- Chairman: Lesak (1925), W. Filar (1928), Čeněk Sahanek (1931)
- Founded: December 7, 1919
- Banned: February 1934
- Headquarters: Margaretenplatz 7, Vienna V
- Newspaper: Vídeňské dělnické listy
- Membership (1928): 14,200
- Ideology: Social democracy
- National affiliation: Social Democratic Workers' Party of Austria
- International affiliation: Labour and Socialist International

= Czechoslovak Social Democratic Workers Party in the Republic of Austria =

The Czechoslovak Social Democratic Workers Party in the Republic of Austria (Československá sociálně demokratická strana dělnická v republice Rakoúské) was a political party in Austria, working amongst the Czech minority. The party was founded on 7 December 1919, when the Vienna branch of the Czechoslovak Social Democratic Party separated from the mother party following Czechoslovakia's declaration of independence a year earlier. The party worked closely together with the Social Democratic Workers Party of Austria (SDAPÖ), and contested parliamentary elections on joint lists together with SDAPÖ.

==History==
The first, and constituent, party congress was held in 1921. The congress adopted a party programme, which included demands such as the right to education in mother language, the unification of the Vienna urban and rural areas into a single electoral constituency, judicial reform, lowering the voting age to 18 years, full press freedom and direct popular intervention in the legislative. Most of the social demands of the party were similar to those raised by SDAPÖ.

In May 1927 the party congress adopted a new party programme, following the lines of the SDAPÖ Linz Programme.
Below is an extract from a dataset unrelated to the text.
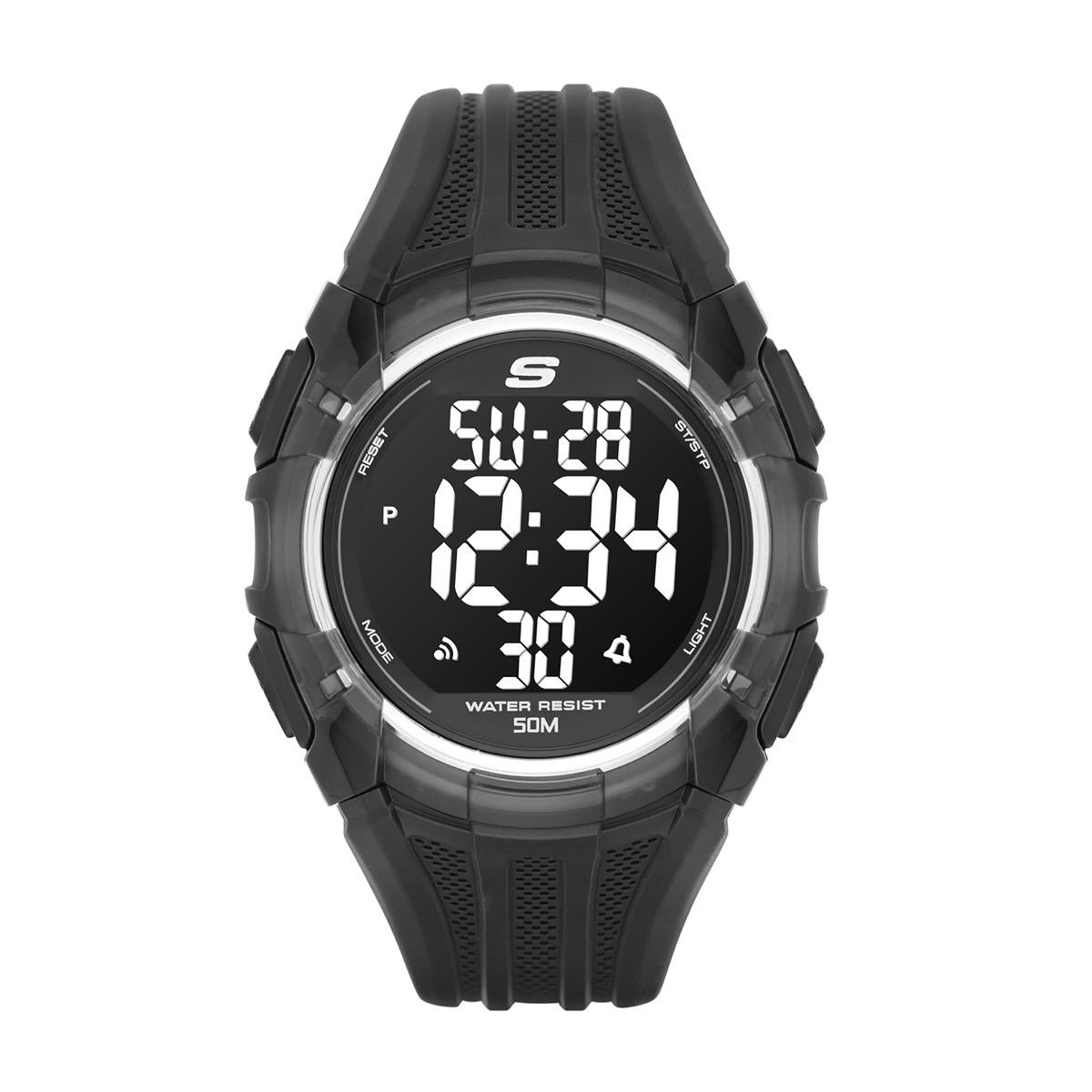 Reloj Skechers Negro Hombre SR1008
The party was banned in February 1934. The party then began to operate as an underground organization. Publications were printed in neighbouring Czechoslovakia, and smuggled into Austria.

==Organization==
The party was organized on the principle of individual membership. As of 1928, the party claimed a membership of around 14,200, out of whom 3,700 were women. The highest organ of the party was the party congress, held every two years. The congress elected a Party Presidium and Secretariat. The activists of the party were active in the Austrian trade union movement. The youth wing of the party had, as of 1928, 2,825 members. In close connection to the party was the educational association, Máj, the Workers Gymnastics Union (DTJ) and cycling clubs. There was also a Czech section of the Republikanischer Schutzbund, connected to the party.

The party had offices almost all of the districts of the country. These offices also served as offices for the district branches of the youth and women's wings of the party.

==Leadership==
As of 1925, Lesak was Chairman of the Party Presidium. In 1928 he had been replaced by W. Filar and in 1931 by Čeněk Sahanek. Other prominent leaders of the party included the parliamentarian František Dvořák, Antonín Machát (municipal councillor on behalf of the Czech minority in Vienna during the Second World War), František Strnad, Bedřich Čepelka and Josef Petrů.

As of 1928, the Party Presidium consisted of Filar (chairman), Drahozal, Kopecká, Skranc, Zedniček, Čižek, Strnad, Skřivan (secretary), Adámek, Hajn, Pechowá and Kohl.

==Press==
The central organ of the party was Vídeňské dělnické listy ('Viennoise Workers' Paper').

==International affiliation==
The party was affiliated to the Labour and Socialist International between 1923 and 1940. Alois Wawrousek represented the party in the Executive of the Labour and Socialist International between August 1925 to 1937.